Ciprian s’est toujours baladé. Être fils d’Ursari, fils de Rom, c’est sans arrêt être sur la route, à chercher de quoi manger, à fuir les villageois mécontents de les voir s’arrêter. Alors que leur numéro avec un ours suffit à peine à les nourrir, deux hommes viennent voir le père de Ciprian et lui offrent de lui prêter l’argent nécessaire pour amener toute la famille en France. Sure de trouver mieux dans le pays de la tour Eiffel, la famille Ursari part sans hésiter. Mais leur nouvelle vie dans la « Zone » n’est pas celle espérée et tous devront travailler pour rembourser la dette de Daddu. Même Ciprian, malgré son intérêt très particulier pour le jardin du « Lusquenbour » où il découvre « lezéchecs ».
Xavier-Laurent Petit questionne souvent le réel dans ses récits et il ne fait pas exception avec cette pépite qui parle de migrants, de Roms, d’abus, du regard vers l’autre, d’indifférence, mais aussi d’ouverture et d’entraide. Écrite dans un langage accessible, l’intrigue conviendra aux lecteurs intermédiaires et avancés.

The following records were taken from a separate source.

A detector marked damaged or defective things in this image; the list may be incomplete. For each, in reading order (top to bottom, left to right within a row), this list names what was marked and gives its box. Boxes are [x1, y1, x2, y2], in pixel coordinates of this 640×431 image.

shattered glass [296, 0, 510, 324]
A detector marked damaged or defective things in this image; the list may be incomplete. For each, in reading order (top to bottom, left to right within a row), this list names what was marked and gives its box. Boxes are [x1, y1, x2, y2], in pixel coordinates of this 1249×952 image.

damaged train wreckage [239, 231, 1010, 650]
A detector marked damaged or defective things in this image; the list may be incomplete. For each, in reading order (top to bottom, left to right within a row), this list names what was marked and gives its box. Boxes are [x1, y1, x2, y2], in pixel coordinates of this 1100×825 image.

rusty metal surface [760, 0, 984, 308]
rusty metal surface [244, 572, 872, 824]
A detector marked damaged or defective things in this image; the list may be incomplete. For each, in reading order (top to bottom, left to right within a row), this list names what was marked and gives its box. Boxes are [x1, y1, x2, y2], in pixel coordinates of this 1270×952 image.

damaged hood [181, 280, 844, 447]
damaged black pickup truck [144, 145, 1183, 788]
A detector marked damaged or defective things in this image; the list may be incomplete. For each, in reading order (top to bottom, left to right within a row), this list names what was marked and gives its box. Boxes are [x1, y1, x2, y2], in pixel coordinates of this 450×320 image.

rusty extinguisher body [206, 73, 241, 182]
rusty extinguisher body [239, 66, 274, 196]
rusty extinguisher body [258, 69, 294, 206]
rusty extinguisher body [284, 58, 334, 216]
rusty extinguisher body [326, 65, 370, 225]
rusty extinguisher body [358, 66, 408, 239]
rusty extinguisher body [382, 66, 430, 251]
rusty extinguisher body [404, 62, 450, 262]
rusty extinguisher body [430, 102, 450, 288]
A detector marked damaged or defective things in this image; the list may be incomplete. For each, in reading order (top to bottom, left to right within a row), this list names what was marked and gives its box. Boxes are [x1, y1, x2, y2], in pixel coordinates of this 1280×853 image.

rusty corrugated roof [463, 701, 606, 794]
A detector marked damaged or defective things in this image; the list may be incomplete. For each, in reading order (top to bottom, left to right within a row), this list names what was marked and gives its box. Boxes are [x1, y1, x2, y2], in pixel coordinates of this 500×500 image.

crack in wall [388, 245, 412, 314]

Le fils de l’Ursari est un roman à découvrir, une lecture qu’on savoure peu à peu, résistante au départ, mais qui se dévoile au fil des pages et des aventures. Le lecteur est ainsi invité à suivre une famille d’Ursari, des Roms dompteurs d’ours, dans leur périple vers la France et ses mirages, vers sa cruelle réalité pour ceux qui arrivent endettés, à la merci de la mafia.
La grande force de l’auteur est d’avoir écrit à la hauteur de Ciprian, jeune adolescent qui en connait long sur la vie, mais qui est aussi d’une grande naïveté. À travers son regard, le lecteur ne juge pas Demetriu, le grand frère qui « emprunte » pour permettre à toute la famille de manger ou Vera, la grande sœur qui loue un bébé chaque matin pour aller faire la manche. Ce personnage principal est touchant et drôle, notamment avec les surnoms qu’ils donnent à tous (Monsieur Énorme et Madame Baleine en tête) et ses « zorros » à récolter. L’esquisse est à la fois large, Cirprian permettant de comprendre la réalité de toute une population, et précise, authentique, personnelle. À travers son histoire, Xavier-Laurent Petit parle d’espoir et d’ouverture, mais dépeint aussi une réalité qu’on imagine difficilement, le tout sans tomber dans le mélo. Oui, ses capacités pour « lezéchecs » sont surprenantes et certaines coïncidences un peu grosses, mais l’ensemble sonne terriblement réaliste.
En bref ? Un regard différent sur les migrants et ce qu’ils traversent à travers une histoire touchante et d’actualité qui donne envie de s’ouvrir à l’autre, celui qui est finalement plus près de nous que ce qu’on peut croire. C’est précieux.